◆ WHAT IS REQUIRED: Your copy of the listing should be exact and should contain no pictures.
(Beginning of INFORMATION PROVIDED)
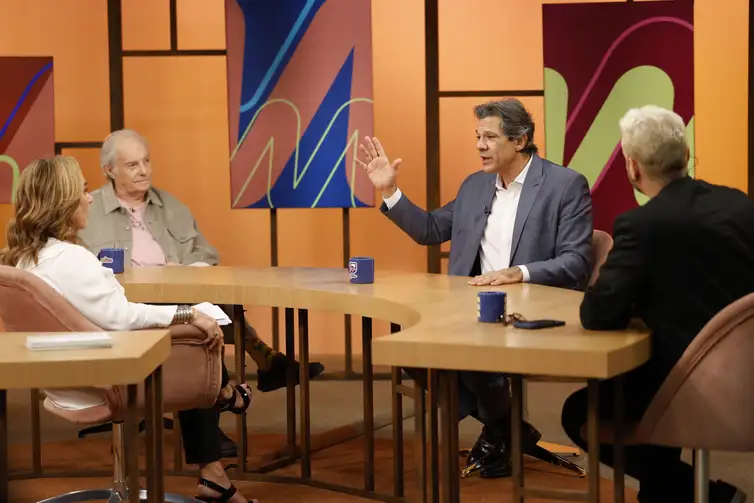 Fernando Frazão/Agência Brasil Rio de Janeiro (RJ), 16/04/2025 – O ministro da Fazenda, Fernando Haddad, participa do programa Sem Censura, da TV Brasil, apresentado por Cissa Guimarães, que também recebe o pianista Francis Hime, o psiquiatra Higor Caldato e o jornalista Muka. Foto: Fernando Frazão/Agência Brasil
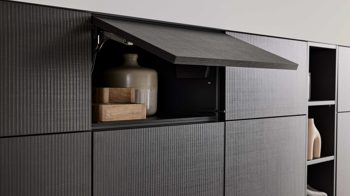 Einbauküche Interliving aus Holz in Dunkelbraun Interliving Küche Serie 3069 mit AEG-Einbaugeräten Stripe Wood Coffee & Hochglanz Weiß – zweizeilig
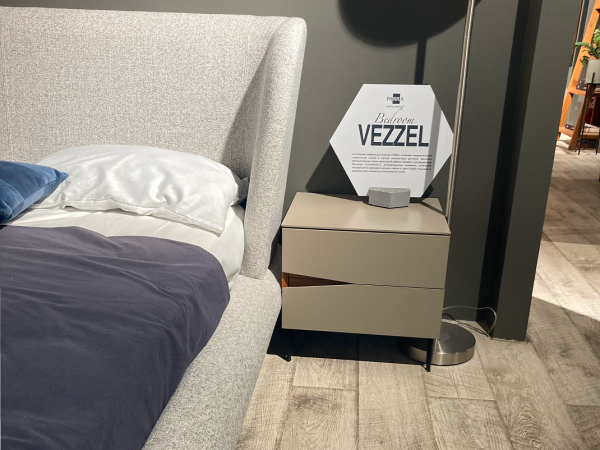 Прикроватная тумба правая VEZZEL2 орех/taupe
(End of INFORMATION PROVIDED)
◆ TASK OUTPUT:
 Fernando Frazão/Agência Brasil Rio de Janeiro (RJ), 16/04/2025 – O ministro da Fazenda, Fernando Haddad, participa do programa Sem Censura, da TV Brasil, apresentado por Cissa Guimarães, que também recebe o pianista Francis Hime, o psiquiatra Higor Caldato e o jornalista Muka. Foto: Fernando Frazão/Agência Brasil
 Einbauküche Interliving aus Holz in Dunkelbraun Interliving Küche Serie 3069 mit AEG-Einbaugeräten Stripe Wood Coffee & Hochglanz Weiß – zweizeilig
 Прикроватная тумба правая VEZZEL2 орех/taupe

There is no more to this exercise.